At the time, Pat Ladner, executive director of the Alaska Aerospace Development Corp., said the missile was destroyed by the range safety officer when telemetry contact was lost.
As it turned out, the safety officer indeed pushed the destruct button. However, at that moment the missile was already in shreds and falling toward the water, incapable of sending telemetry signals, said Air Force spokesman Lt. Col. Richard Lehner of the Missile Defense Agency.
Lehner, who issued the results of an investigating board Wednesday, said the missile was right on track after it was launched at 8:12 a.m. Nov. 9. As planned, safety control was transferred from a ground-based safety officer to one with a better view aboard a P-3 Orion turboprop flying circles downrange.

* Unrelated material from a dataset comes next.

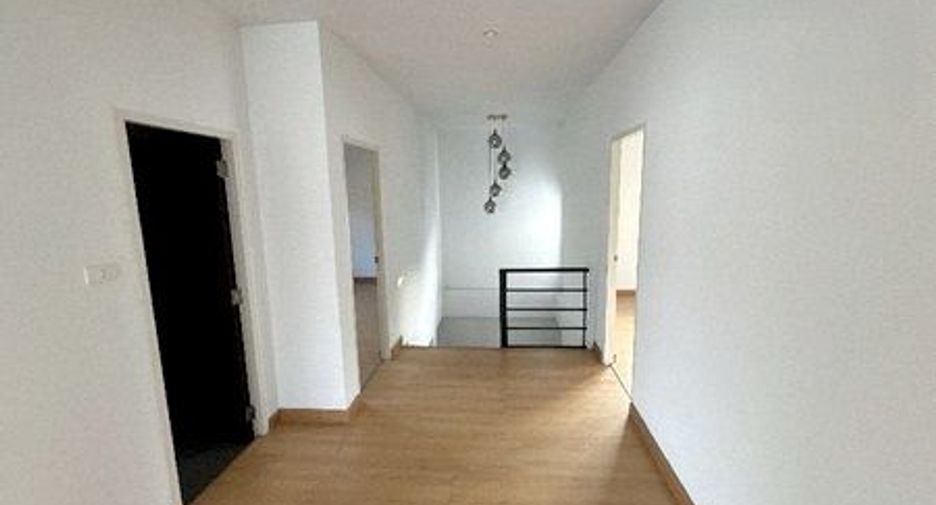 For sale 3 bedrooms house in Mueang Chon Buri, Chonburi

''When they did the electronic handoff to aircraft, something electronically caused a signal to be sent to destroy the missile,'' Lehner said. Investigators were unable to determine whether the false signal was triggered by a computer software failure, an improper radio signal or a misinterpreted command by the missile's guidance system, he said.
A moment later, before the missile's destruction could be confirmed but after it stopped sending data, the safety officer on the Orion sent the irrelevant destruct command, Lehner said.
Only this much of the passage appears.